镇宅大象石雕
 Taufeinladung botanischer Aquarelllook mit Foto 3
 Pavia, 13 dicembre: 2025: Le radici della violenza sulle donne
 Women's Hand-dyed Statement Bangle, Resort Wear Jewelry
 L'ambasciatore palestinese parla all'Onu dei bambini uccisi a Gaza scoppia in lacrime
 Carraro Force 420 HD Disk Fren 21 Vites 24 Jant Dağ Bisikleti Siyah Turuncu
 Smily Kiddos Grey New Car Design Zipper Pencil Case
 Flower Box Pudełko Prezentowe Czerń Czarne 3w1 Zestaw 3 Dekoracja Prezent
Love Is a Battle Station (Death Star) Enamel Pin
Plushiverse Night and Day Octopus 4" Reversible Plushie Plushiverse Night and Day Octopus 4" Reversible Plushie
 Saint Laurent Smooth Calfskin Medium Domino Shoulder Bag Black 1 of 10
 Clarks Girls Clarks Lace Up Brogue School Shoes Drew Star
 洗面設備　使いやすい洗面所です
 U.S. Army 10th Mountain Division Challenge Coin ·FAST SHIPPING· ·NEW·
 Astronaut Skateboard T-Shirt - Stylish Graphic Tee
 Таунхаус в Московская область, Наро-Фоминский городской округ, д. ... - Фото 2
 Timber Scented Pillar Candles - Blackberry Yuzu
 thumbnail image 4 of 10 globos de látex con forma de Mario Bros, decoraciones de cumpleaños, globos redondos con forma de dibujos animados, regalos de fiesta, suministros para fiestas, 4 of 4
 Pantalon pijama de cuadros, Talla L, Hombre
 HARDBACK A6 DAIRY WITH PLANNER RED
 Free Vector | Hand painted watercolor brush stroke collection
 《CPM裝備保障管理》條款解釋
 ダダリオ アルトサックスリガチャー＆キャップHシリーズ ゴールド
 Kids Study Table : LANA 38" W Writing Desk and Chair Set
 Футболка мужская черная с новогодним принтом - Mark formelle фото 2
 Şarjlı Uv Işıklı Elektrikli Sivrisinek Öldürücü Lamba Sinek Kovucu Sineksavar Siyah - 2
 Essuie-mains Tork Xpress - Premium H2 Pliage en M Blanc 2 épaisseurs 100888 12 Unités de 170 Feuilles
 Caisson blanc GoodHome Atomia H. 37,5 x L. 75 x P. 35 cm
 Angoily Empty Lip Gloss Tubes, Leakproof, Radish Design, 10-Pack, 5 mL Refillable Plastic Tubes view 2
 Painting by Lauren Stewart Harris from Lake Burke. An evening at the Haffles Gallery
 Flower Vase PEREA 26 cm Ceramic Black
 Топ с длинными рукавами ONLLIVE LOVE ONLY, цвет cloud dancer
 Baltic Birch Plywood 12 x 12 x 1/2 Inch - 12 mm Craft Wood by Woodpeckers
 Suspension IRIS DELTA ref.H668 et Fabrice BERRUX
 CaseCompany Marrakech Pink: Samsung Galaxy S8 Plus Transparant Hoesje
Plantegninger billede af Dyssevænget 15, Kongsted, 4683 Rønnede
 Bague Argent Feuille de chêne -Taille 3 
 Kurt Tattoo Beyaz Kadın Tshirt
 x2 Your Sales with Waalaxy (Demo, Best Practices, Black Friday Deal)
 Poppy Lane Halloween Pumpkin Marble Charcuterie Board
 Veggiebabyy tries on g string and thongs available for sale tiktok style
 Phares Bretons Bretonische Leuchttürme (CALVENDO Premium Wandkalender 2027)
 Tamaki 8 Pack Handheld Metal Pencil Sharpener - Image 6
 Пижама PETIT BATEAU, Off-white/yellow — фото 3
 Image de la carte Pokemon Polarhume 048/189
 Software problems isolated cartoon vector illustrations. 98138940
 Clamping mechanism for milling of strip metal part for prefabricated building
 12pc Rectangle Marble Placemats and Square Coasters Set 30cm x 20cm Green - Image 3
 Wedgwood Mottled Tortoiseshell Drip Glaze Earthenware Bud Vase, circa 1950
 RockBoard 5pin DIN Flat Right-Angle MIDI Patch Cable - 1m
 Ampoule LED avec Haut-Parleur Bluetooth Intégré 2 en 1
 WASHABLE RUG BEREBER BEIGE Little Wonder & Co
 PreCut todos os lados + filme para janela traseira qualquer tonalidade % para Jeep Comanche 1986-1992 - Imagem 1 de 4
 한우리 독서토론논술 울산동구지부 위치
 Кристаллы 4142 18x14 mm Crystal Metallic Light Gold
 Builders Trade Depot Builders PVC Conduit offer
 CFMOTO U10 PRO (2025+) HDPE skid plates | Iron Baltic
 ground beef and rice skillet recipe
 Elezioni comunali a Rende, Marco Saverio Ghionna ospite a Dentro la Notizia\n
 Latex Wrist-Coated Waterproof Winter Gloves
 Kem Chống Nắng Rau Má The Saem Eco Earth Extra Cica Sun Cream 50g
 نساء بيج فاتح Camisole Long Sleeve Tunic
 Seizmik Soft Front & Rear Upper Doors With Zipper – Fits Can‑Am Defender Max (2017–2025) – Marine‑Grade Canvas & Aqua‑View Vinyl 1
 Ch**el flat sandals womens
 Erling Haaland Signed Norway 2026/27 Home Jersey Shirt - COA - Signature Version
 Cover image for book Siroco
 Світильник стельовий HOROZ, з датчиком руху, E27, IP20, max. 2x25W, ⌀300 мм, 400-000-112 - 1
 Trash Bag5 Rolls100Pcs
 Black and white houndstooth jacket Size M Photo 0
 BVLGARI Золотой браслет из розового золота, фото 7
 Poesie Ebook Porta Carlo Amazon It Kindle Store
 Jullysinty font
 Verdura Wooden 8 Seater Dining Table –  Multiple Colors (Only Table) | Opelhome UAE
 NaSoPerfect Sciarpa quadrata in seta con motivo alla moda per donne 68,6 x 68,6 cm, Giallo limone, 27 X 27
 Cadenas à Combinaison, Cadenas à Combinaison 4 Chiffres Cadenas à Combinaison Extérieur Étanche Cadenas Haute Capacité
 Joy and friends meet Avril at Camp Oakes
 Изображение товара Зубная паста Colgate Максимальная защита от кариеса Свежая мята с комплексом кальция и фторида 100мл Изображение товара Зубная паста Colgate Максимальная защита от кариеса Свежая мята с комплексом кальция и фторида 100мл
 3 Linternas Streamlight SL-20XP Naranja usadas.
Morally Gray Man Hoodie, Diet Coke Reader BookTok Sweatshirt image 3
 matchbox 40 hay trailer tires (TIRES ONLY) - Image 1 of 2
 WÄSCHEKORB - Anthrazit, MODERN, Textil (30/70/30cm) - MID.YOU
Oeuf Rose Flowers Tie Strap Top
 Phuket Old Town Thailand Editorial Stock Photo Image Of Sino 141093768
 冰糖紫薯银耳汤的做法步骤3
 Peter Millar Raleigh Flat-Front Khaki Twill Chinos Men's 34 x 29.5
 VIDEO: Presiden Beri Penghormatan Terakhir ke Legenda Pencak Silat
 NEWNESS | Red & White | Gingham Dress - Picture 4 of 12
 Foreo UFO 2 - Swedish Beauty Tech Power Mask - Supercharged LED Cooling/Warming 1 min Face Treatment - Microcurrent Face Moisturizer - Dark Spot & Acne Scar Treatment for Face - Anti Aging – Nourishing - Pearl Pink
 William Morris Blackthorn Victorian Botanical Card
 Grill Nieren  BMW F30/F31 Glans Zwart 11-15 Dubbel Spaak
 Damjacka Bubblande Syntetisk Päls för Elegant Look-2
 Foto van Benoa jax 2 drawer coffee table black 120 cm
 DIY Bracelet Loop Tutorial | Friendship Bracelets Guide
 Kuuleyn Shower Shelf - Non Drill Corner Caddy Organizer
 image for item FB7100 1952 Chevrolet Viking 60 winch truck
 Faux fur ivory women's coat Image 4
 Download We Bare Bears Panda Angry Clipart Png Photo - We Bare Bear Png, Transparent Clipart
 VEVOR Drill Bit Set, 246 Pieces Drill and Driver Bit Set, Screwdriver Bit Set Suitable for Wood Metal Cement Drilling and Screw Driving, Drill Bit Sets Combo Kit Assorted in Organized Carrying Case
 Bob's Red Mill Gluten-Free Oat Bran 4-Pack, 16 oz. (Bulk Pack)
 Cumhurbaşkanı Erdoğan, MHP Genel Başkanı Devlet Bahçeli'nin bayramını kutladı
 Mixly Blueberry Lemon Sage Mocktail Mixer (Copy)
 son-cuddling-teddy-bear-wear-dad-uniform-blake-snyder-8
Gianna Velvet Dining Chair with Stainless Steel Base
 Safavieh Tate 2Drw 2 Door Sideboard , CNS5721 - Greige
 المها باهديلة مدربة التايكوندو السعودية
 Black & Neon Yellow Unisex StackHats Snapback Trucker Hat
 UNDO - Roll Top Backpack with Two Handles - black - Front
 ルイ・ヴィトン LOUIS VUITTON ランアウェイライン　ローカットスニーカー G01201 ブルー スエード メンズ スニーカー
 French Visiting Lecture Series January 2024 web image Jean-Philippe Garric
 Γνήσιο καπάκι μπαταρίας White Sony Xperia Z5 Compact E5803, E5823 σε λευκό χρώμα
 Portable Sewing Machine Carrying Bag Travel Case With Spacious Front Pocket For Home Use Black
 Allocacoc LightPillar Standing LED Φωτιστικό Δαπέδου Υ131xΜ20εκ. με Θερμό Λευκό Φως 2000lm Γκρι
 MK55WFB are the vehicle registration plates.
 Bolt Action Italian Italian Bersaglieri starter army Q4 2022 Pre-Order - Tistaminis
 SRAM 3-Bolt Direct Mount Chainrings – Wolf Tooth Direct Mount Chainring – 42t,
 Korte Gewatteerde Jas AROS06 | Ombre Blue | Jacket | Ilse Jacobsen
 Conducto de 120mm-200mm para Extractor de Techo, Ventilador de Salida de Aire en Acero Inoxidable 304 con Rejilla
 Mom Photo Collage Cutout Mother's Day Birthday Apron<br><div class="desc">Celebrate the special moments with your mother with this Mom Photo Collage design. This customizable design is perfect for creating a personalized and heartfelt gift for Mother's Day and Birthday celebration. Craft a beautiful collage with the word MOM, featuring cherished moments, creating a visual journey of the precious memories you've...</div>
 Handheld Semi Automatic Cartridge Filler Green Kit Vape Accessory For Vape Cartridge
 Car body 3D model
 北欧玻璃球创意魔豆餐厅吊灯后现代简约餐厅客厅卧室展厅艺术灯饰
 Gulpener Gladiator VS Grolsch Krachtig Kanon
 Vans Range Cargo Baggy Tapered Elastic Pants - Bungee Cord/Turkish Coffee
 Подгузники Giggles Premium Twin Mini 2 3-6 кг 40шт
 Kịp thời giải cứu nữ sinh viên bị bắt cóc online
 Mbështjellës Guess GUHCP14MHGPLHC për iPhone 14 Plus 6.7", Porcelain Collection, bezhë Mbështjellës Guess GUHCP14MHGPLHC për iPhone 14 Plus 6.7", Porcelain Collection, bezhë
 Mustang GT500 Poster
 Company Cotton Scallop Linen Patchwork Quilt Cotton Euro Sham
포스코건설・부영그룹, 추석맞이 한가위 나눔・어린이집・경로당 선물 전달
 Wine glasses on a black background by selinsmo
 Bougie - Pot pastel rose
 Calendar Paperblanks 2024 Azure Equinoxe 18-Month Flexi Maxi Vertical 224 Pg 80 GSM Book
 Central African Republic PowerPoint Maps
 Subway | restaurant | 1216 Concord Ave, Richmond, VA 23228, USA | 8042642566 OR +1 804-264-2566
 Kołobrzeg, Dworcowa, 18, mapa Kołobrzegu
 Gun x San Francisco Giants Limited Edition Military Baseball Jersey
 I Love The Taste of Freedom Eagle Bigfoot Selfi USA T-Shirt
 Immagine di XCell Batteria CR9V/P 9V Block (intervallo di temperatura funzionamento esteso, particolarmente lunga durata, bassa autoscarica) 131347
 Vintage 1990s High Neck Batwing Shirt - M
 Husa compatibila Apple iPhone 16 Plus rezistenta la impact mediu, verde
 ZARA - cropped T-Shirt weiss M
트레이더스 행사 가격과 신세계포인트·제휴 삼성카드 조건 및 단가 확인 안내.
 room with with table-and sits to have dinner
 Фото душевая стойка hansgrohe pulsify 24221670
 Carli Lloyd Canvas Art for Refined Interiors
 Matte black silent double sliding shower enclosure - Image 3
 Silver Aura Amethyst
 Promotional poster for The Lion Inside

* [PROBLEM]:
If the string "Zipper" appears in a line of the entries, report the line.

* [THE ANSWER]:
 Smily Kiddos Grey New Car Design Zipper Pencil Case
 Seizmik Soft Front & Rear Upper Doors With Zipper – Fits Can‑Am Defender Max (2017–2025) – Marine‑Grade Canvas & Aqua‑View Vinyl 1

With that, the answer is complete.